> **Task**: Transcribe everything in the listing as written, and let no image into the copy.

> **Data excerpt**:

------------------------------------------------------------------------

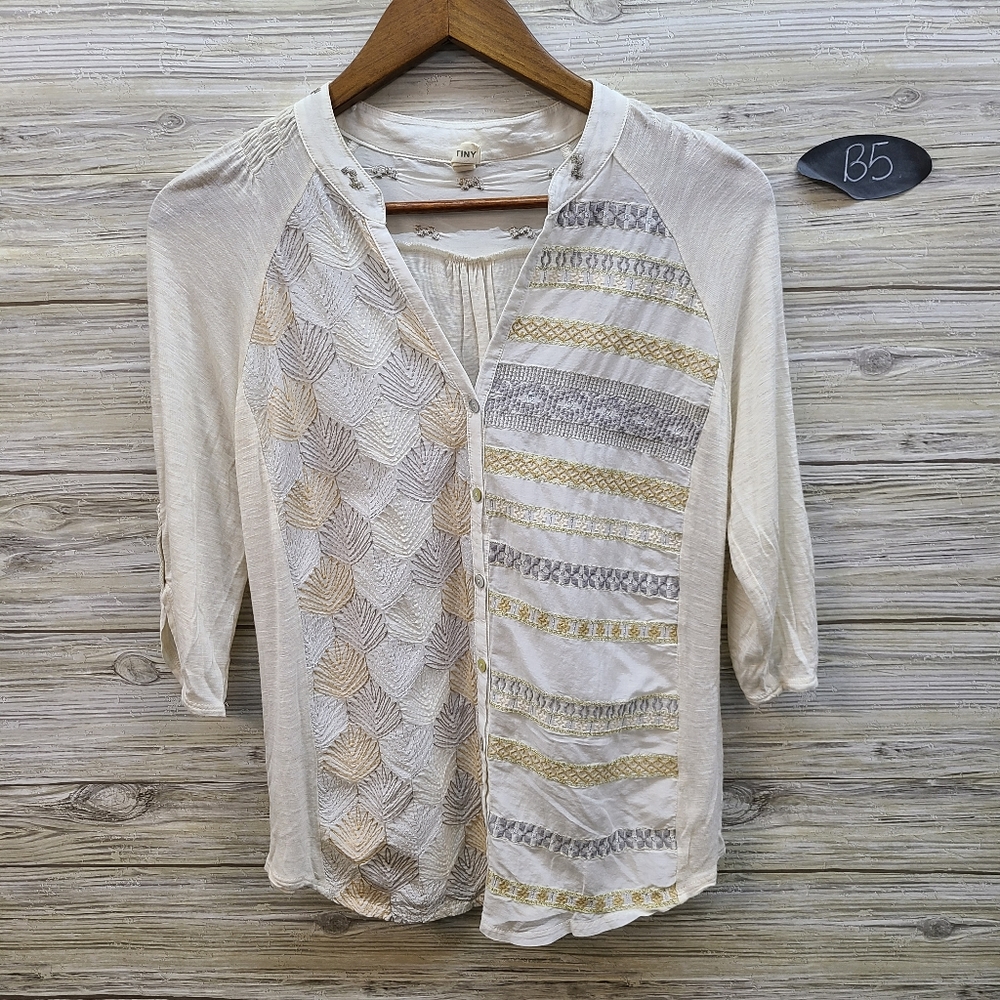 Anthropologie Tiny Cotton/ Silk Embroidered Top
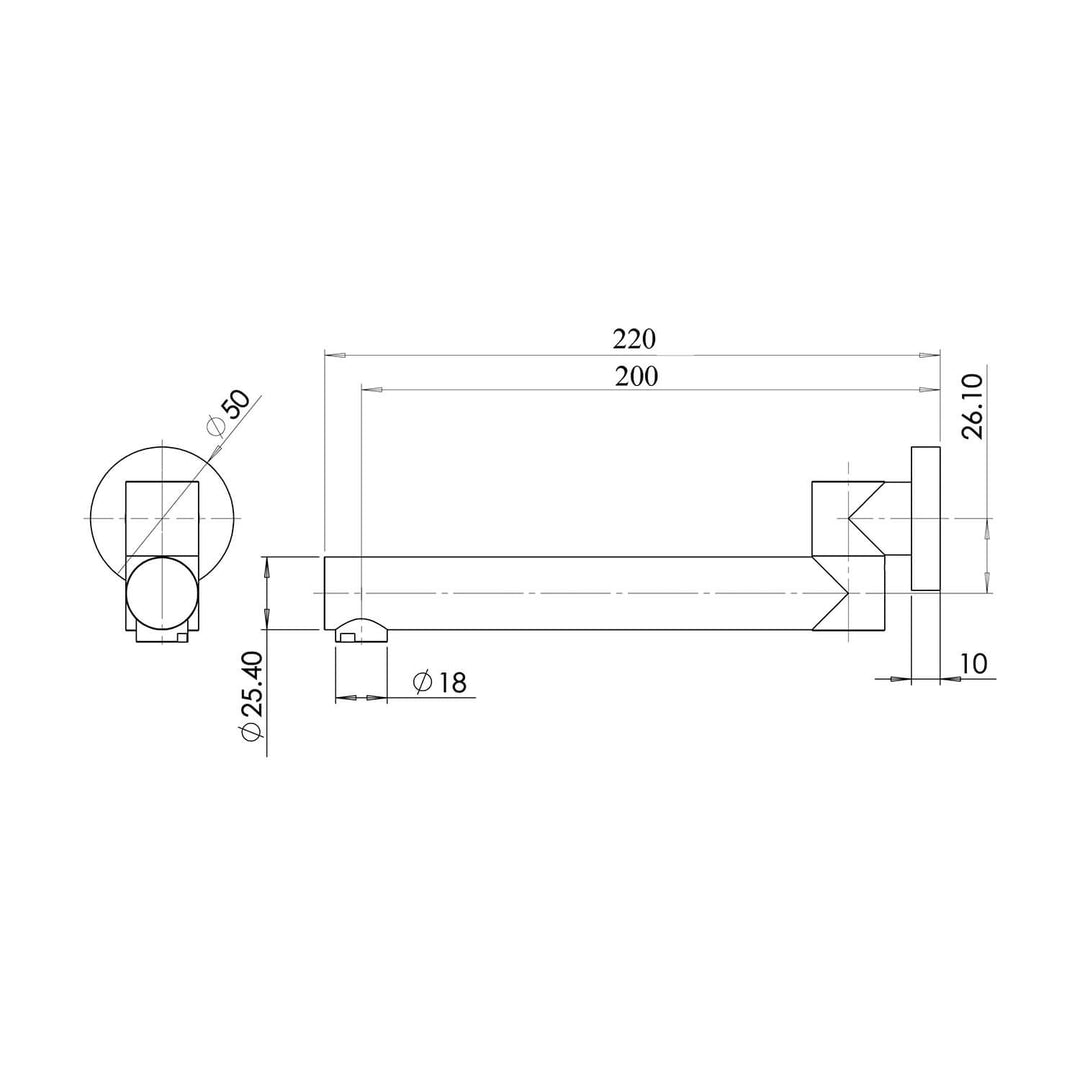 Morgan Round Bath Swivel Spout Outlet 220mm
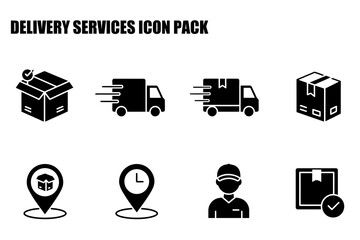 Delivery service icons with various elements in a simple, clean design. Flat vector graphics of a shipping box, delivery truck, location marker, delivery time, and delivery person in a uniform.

------------------------------------------------------------------------

> **Result for this exercise**:
 Anthropologie Tiny Cotton/ Silk Embroidered Top
 Morgan Round Bath Swivel Spout Outlet 220mm
 Delivery service icons with various elements in a simple, clean design. Flat vector graphics of a shipping box, delivery truck, location marker, delivery time, and delivery person in a uniform.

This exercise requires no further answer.